• [Directions]: No pictures go into the copy. Write out exactly the lines below from the one containing "フィット e:HEVホーム 4WD" through the one containing "69 Gordon Street Dannevirke_10".

• [Source material]:
[Start of section]
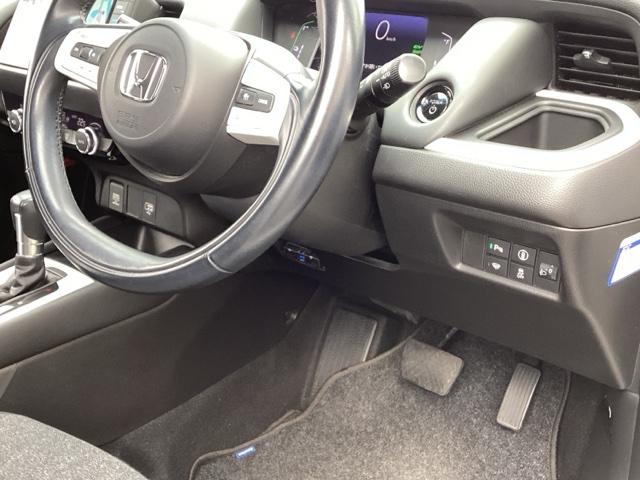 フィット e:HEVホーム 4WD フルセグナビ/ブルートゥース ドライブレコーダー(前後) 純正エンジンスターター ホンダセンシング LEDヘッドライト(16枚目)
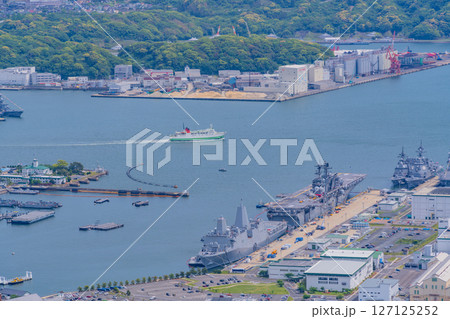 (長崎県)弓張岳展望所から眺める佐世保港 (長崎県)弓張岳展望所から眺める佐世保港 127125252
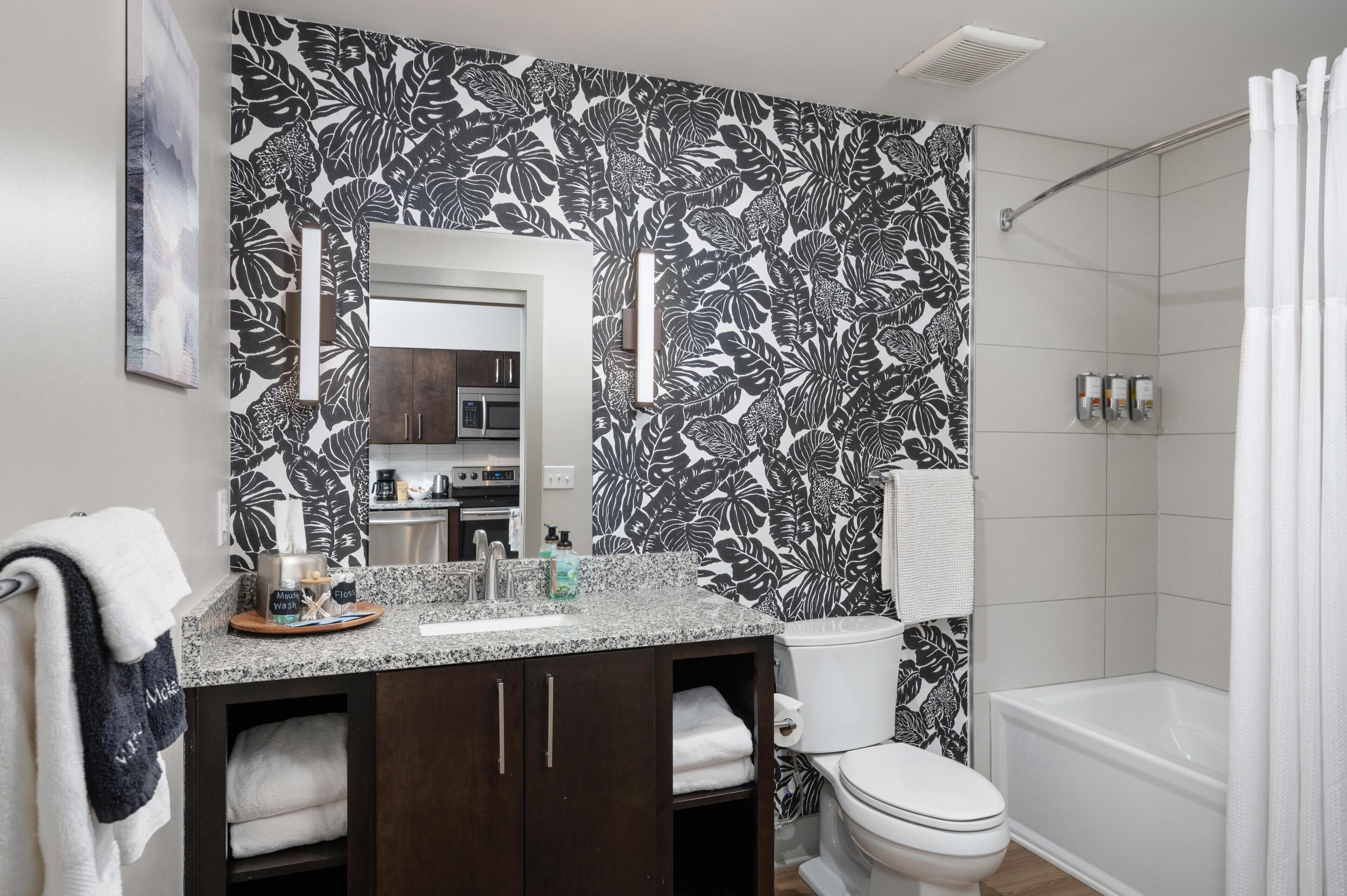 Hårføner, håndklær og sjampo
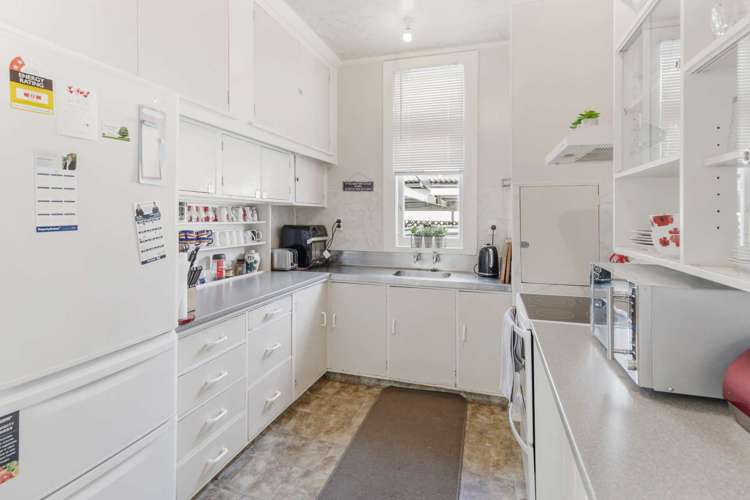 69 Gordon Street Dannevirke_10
[End of section]
[Start of section]
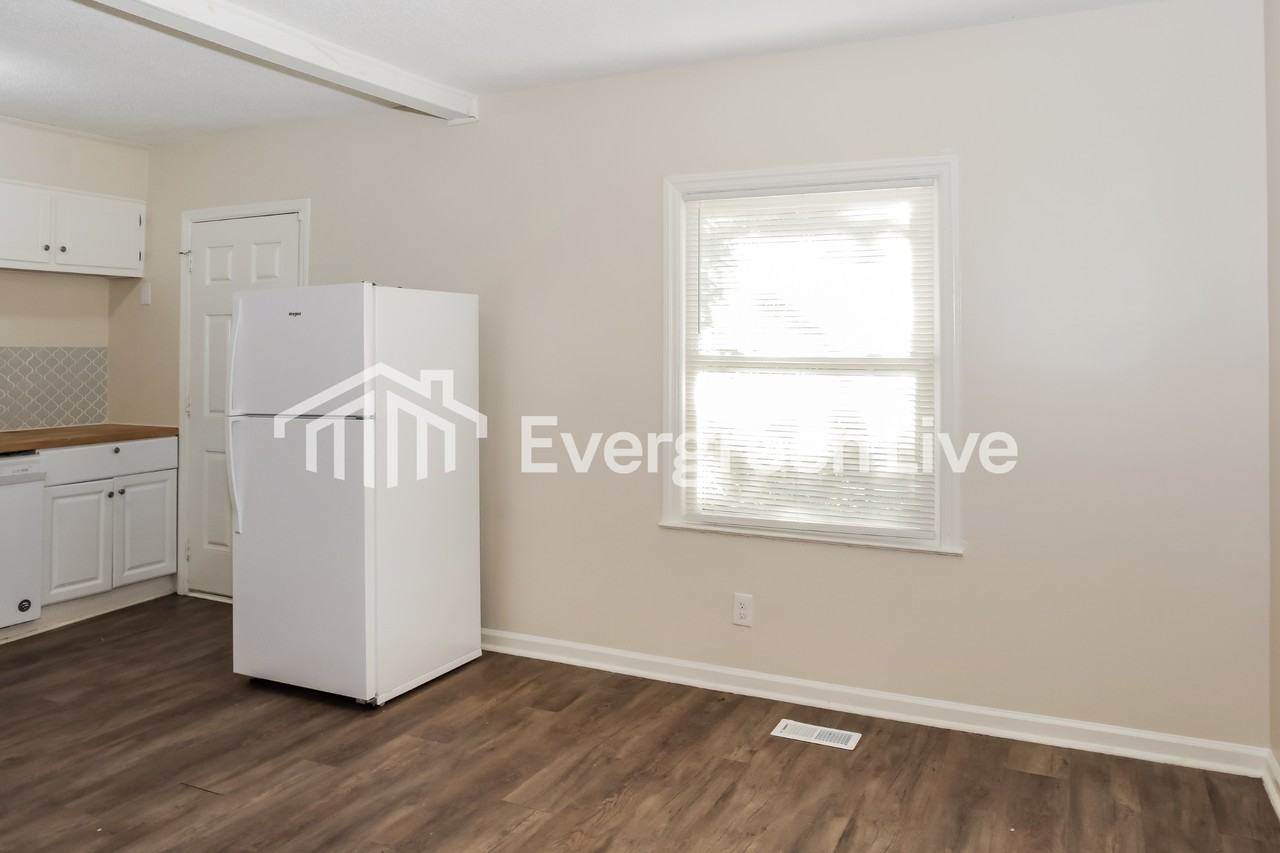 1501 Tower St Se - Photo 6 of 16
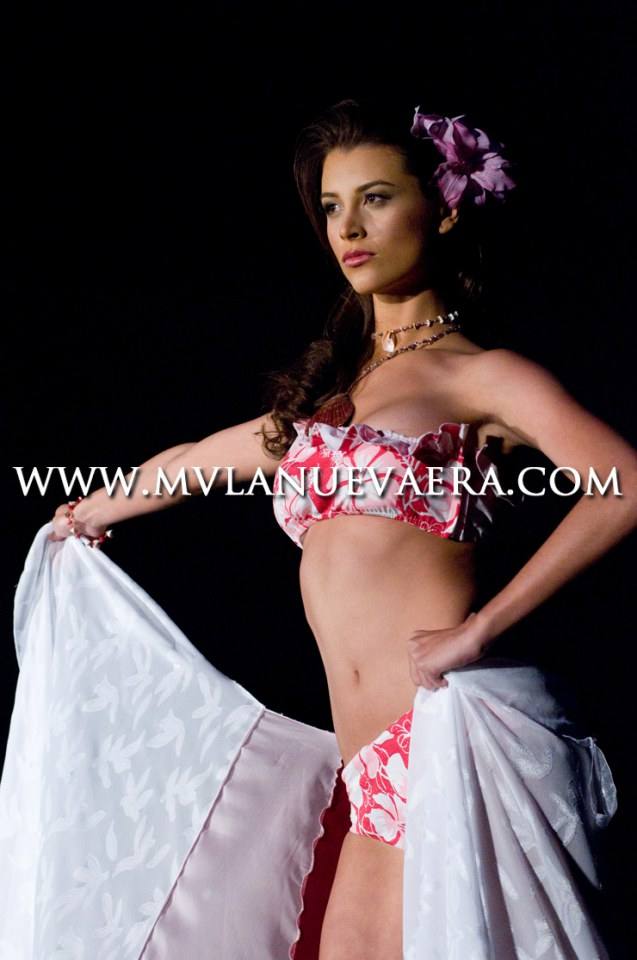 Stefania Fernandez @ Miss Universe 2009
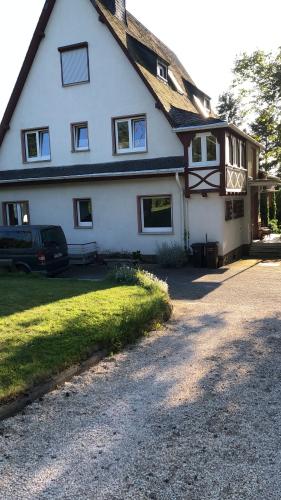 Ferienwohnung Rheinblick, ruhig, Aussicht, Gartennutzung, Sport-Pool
[End of section]
[Start of section]
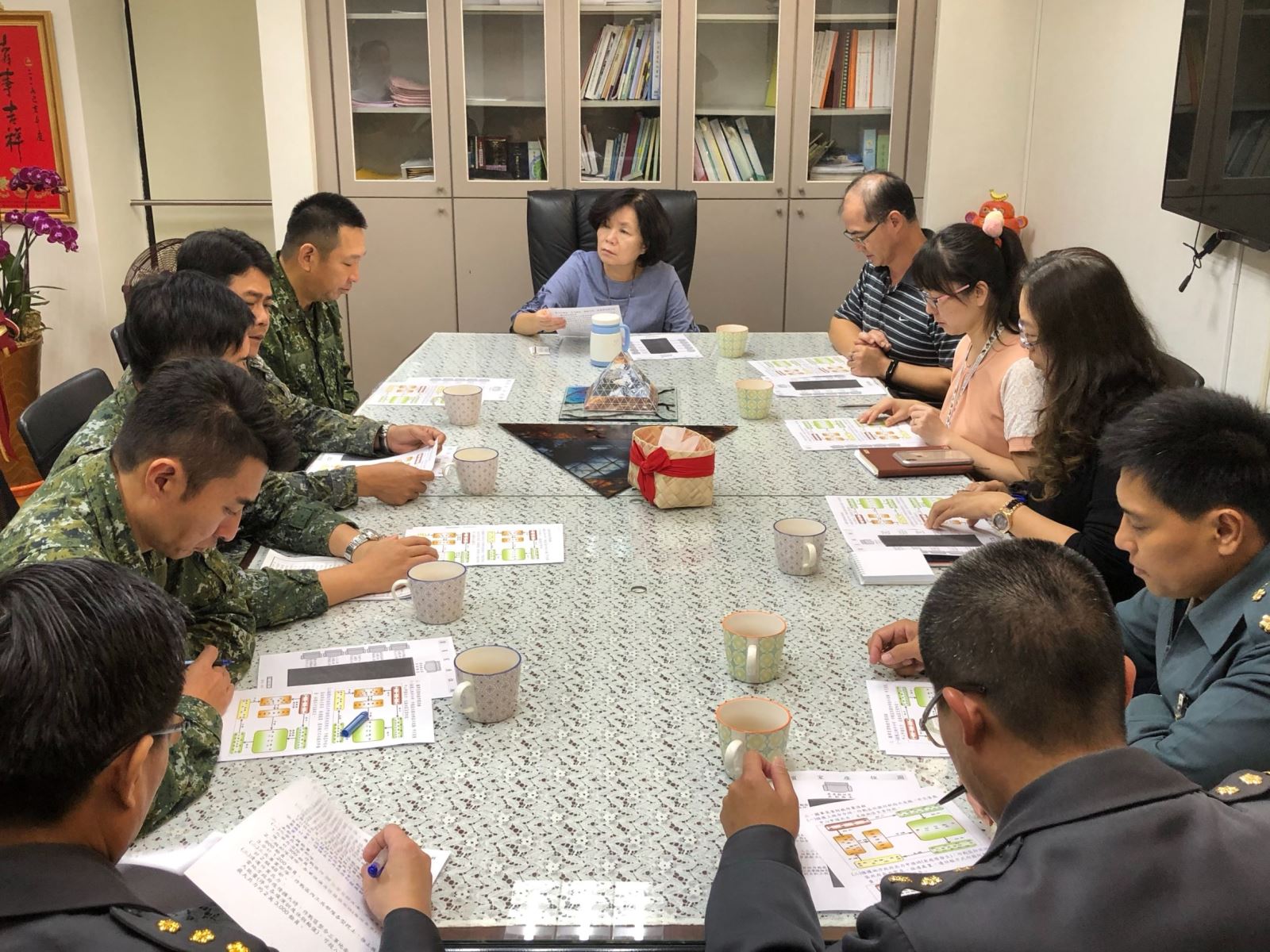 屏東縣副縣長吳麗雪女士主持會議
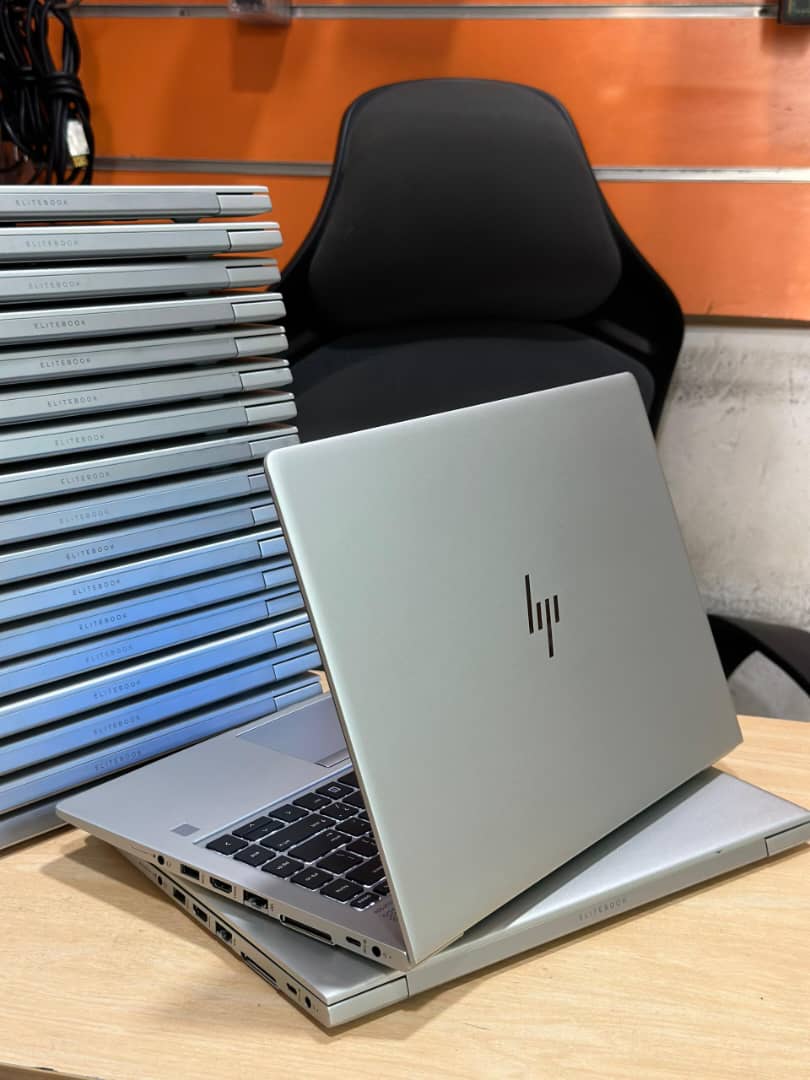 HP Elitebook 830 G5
[End of section]
• [Reply to the exercise]:
 フィット e:HEVホーム 4WD フルセグナビ/ブルートゥース ドライブレコーダー(前後) 純正エンジンスターター ホンダセンシング LEDヘッドライト(16枚目)
 (長崎県)弓張岳展望所から眺める佐世保港 (長崎県)弓張岳展望所から眺める佐世保港 127125252
 Hårføner, håndklær og sjampo
 69 Gordon Street Dannevirke_10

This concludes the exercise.